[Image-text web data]
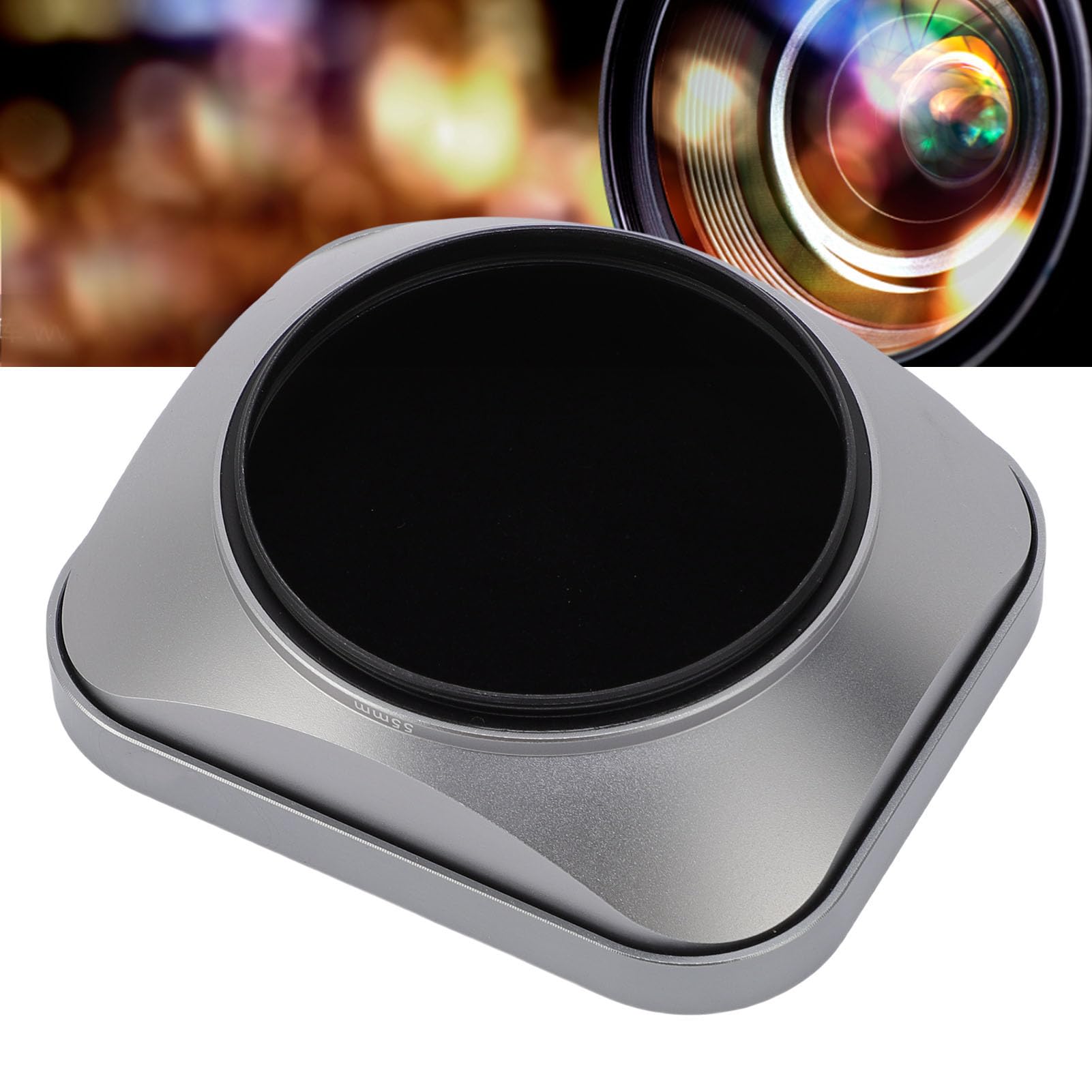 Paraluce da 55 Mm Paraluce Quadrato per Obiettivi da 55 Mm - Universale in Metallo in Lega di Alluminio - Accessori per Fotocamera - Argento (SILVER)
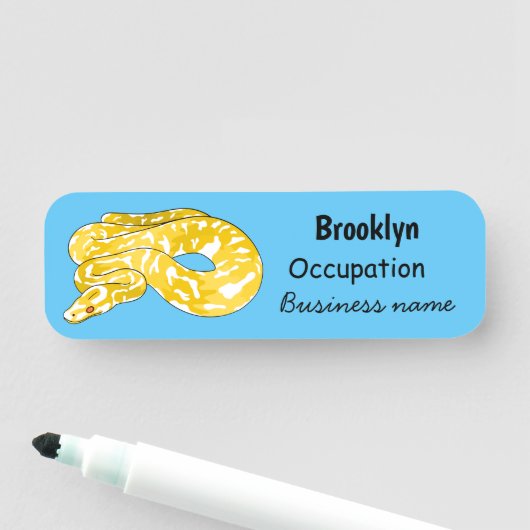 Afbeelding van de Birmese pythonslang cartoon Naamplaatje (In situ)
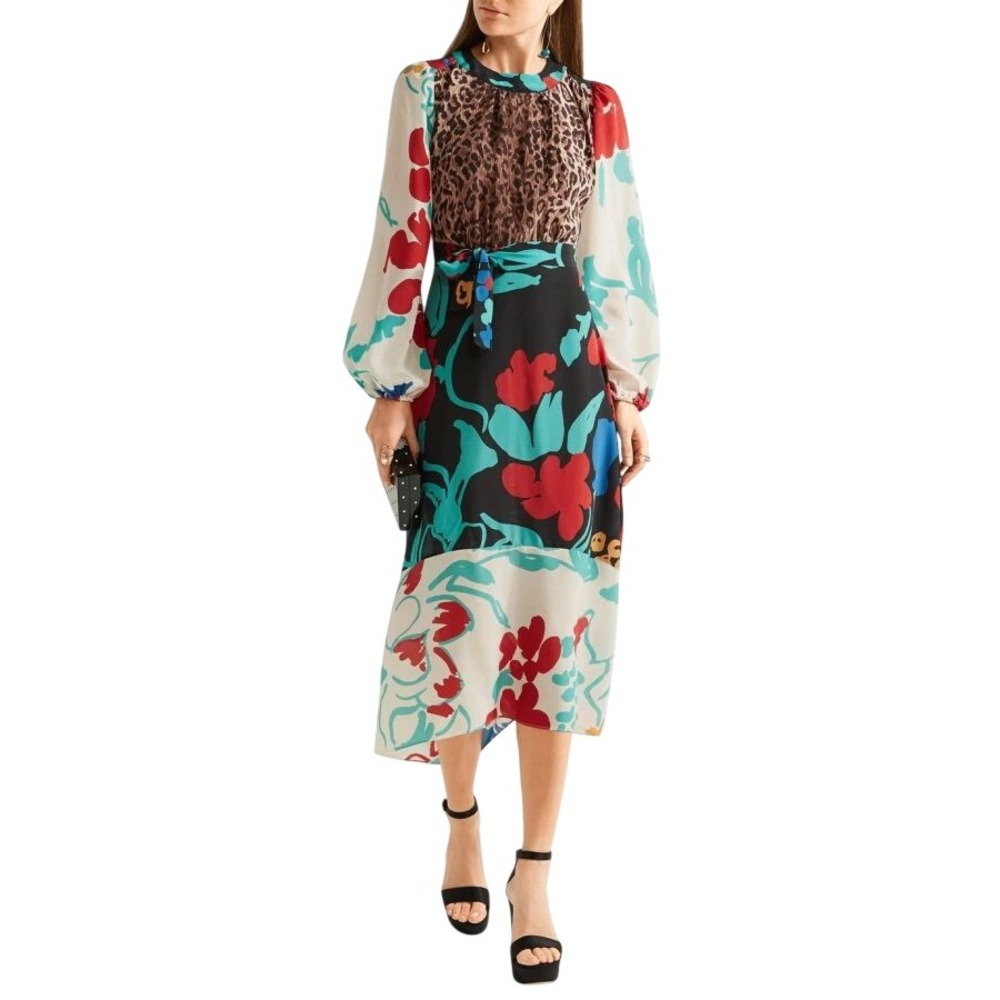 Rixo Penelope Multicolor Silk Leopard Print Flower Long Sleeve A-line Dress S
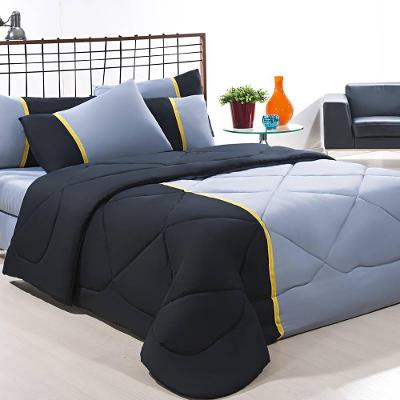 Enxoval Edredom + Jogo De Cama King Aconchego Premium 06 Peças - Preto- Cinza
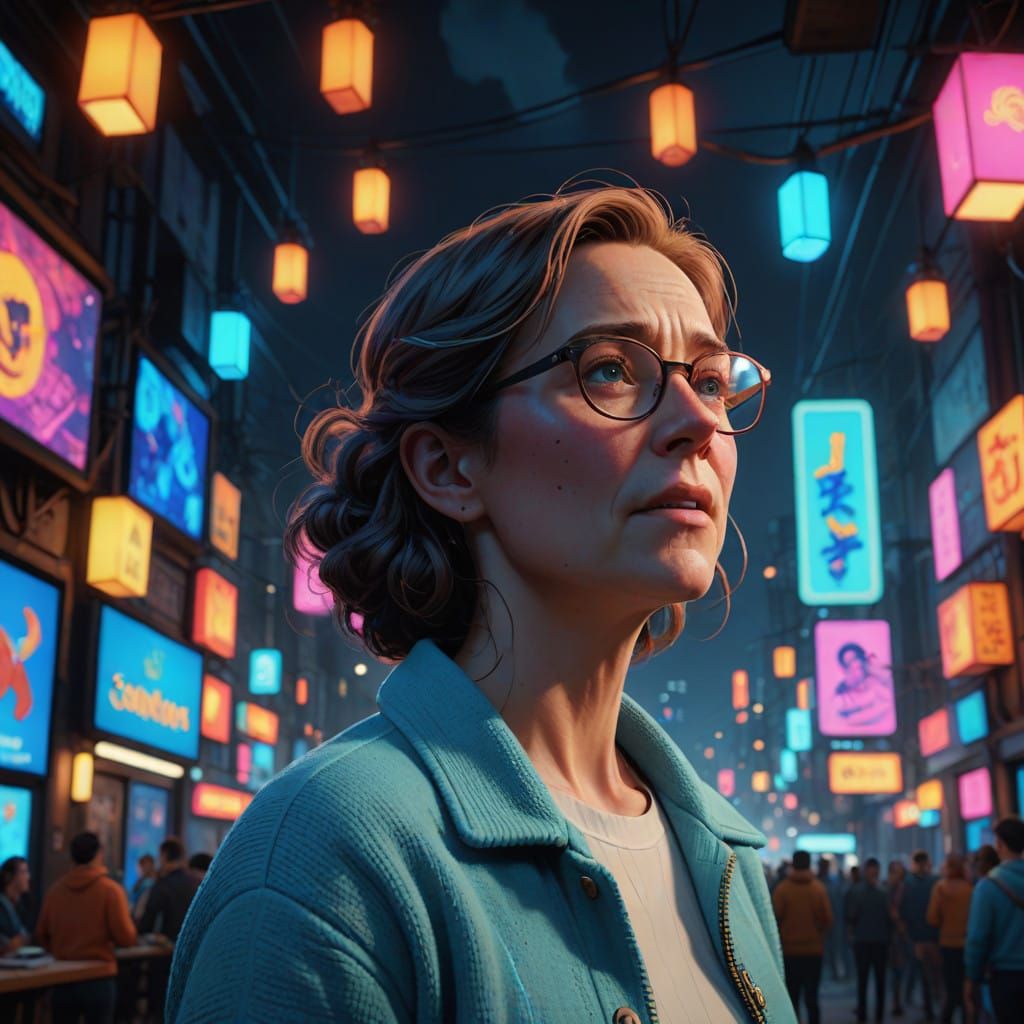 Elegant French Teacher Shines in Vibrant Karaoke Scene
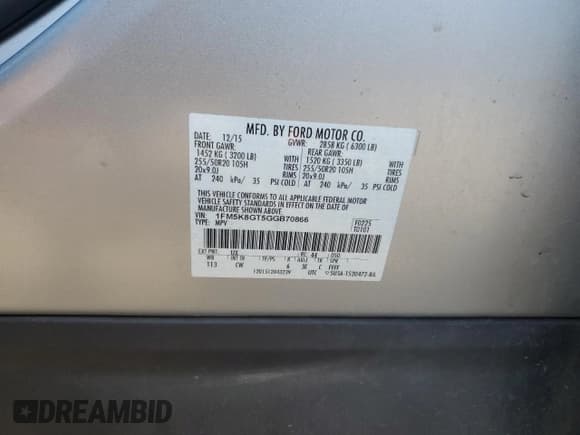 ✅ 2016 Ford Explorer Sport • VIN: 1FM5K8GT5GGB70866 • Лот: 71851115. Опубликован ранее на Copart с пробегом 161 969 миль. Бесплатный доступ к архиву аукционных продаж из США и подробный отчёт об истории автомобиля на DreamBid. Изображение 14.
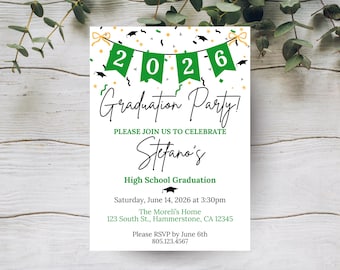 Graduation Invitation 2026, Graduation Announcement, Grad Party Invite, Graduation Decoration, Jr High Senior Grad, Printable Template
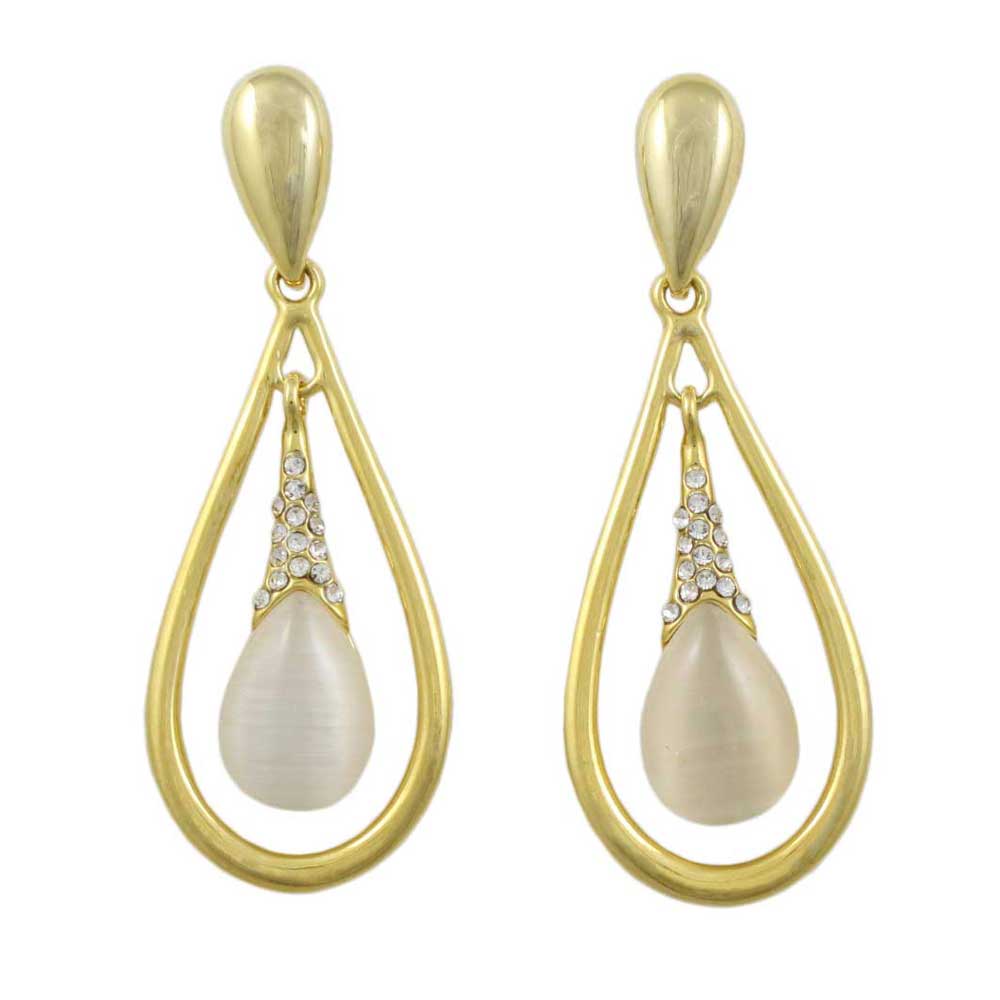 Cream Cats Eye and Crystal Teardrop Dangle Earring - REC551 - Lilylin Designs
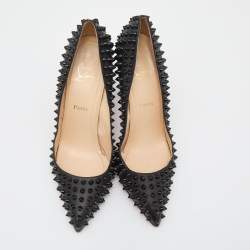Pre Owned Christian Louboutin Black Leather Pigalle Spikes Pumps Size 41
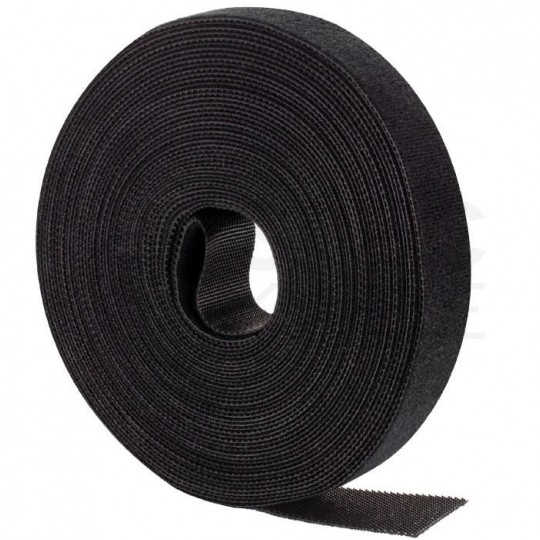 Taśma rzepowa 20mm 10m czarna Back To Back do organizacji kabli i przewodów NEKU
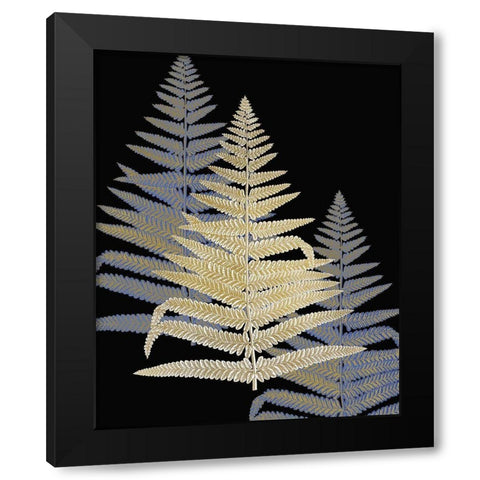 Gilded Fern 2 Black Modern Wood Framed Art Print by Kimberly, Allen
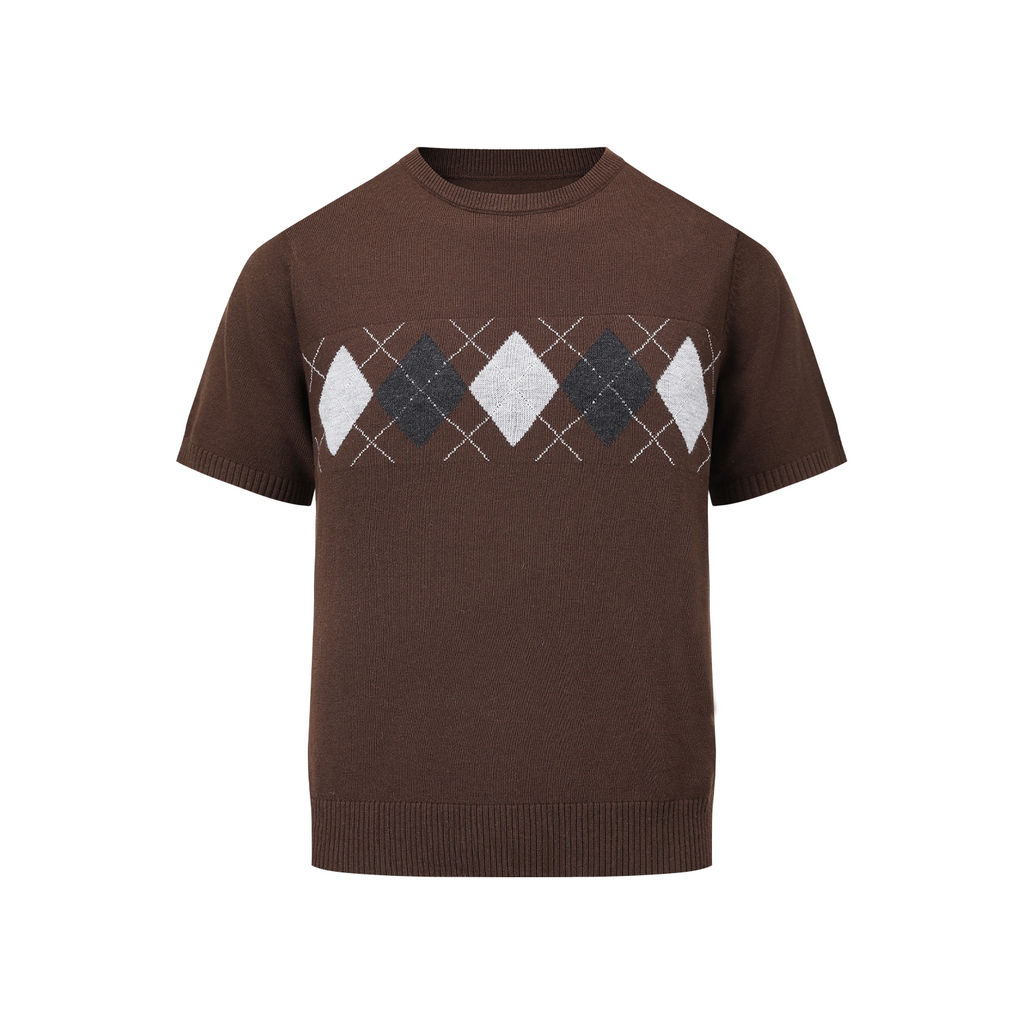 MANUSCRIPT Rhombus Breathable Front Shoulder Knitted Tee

• ASSIGNED TASK
Each record must be repeated verbatim, and no picture may appear in the copy.

• WRITTEN RESPONSE
 Paraluce da 55 Mm Paraluce Quadrato per Obiettivi da 55 Mm - Universale in Metallo in Lega di Alluminio - Accessori per Fotocamera - Argento (SILVER)
 Afbeelding van de Birmese pythonslang cartoon Naamplaatje (In situ)
 Rixo Penelope Multicolor Silk Leopard Print Flower Long Sleeve A-line Dress S
 Enxoval Edredom + Jogo De Cama King Aconchego Premium 06 Peças - Preto- Cinza
 Elegant French Teacher Shines in Vibrant Karaoke Scene
 ✅ 2016 Ford Explorer Sport • VIN: 1FM5K8GT5GGB70866 • Лот: 71851115. Опубликован ранее на Copart с пробегом 161 969 миль. Бесплатный доступ к архиву аукционных продаж из США и подробный отчёт об истории автомобиля на DreamBid. Изображение 14.
 Graduation Invitation 2026, Graduation Announcement, Grad Party Invite, Graduation Decoration, Jr High Senior Grad, Printable Template
 Cream Cats Eye and Crystal Teardrop Dangle Earring - REC551 - Lilylin Designs
Pre Owned Christian Louboutin Black Leather Pigalle Spikes Pumps Size 41
 Taśma rzepowa 20mm 10m czarna Back To Back do organizacji kabli i przewodów NEKU
 Gilded Fern 2 Black Modern Wood Framed Art Print by Kimberly, Allen
 MANUSCRIPT Rhombus Breathable Front Shoulder Knitted Tee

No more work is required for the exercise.